I'd suggest you try to avoid adding this hardware....but there is no harm in trying out your centerline block idea this season. Try it and let us know how it works.


----------



## backcreeksailor (Mar 9, 2009)

I may just be over anticipating issues that won't be there. I'm used to racing where every task is parsed out to individual crew members so that every movement of the boat and trim of the sails is crisp and quick.

I have a pair of Barient 22's within easy reach just forward of the wheel. And I do have an autopilot too, but I'd rather not resort to using it for tacking if I don't have to. 

I'm just having a hard time trying to visualize how, (while sailing close hauled on a breezy day for example), I'm going to turn the wheel, release the lazy sheet, and reel in the working sheet to a point where I won't have to wear out the crank trimming in afterward... All while making sure the boat maintains the proper angle to the wind.

It sounds like you're not having any trouble, so I guess I just need to work through the timing of doing it myself.

(I'm still gonna try the centerline block setup to see if it works. It doesn't cost anything to rig it that way, and it'll only take a handful of tacks to know if it works or not).


----------



## timebandit (Sep 18, 2002)

http://i361.photobucket.com/albums/oo57/Tmebandt/boat014.jpg

This is my setup.

The pivot is placed back far nuff to allow the boom to go just short of 90 degrees.

The rigging is just like end boom sheeting on a main or mizzn.

I can sheet the jib boom to the center of the boat.

Good for lazy sailing.

The boom also is my gin pole for lowering the mast to go under bridges.

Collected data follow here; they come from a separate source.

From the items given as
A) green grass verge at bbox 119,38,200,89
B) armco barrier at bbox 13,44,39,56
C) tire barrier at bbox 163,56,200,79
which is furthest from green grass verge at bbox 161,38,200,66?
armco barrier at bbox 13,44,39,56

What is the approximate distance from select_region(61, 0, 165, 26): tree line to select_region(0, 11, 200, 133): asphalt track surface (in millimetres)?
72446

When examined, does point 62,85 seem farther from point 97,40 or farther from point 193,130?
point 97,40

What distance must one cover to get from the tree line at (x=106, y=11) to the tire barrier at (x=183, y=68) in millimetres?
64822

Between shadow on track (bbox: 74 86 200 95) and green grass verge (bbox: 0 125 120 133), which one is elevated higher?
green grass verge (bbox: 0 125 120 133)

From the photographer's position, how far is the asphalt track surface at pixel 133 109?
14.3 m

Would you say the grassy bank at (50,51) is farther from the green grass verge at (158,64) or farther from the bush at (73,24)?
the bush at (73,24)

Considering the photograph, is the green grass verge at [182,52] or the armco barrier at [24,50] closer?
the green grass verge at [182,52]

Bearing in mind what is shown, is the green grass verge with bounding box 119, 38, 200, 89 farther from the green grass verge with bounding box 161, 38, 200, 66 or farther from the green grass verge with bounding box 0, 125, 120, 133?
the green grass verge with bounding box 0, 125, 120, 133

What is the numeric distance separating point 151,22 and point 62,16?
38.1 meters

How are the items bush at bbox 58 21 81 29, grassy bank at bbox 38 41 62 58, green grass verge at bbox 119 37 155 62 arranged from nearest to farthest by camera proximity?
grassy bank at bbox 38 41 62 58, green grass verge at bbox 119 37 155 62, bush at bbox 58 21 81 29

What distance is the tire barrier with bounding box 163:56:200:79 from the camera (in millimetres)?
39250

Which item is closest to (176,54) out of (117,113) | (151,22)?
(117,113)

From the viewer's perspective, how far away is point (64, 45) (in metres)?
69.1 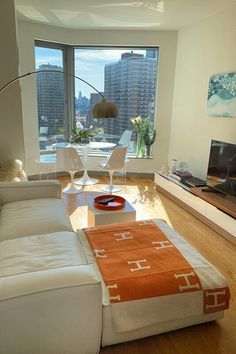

One thing with the pivot where it is though--you can't just drop the jib, you need to release the hanks as it comes down or raise the boom.


----------



## Faster (Sep 13, 2005)

Backcreek.. If you sail singlehanded, make a habit of just using a 100% jib (if you have one) and continue to use your regular sheeting track arrangement. The center-block idea will not give proper sailtrim in any conditions nor at any angle of attack. Using a non overlapping sail will greatly ease the tacking by avoiding hangups and minimizing the amount of sheet to be pulled through. 

Your C&C will move OK in all but the lightest conditions. I'd avoid the unnecessary complications associated with the various self tacking arrangements. Most boats that have such setups are designed with that in mind from the get-go.

If your primaries are reachable from the helm, it's a simple matter of coordinating the turn, and handling the sheets yourself. - and you'll get more exercise to boot!


----------



## timebandit (Sep 18, 2002)

lazzy sailing


----------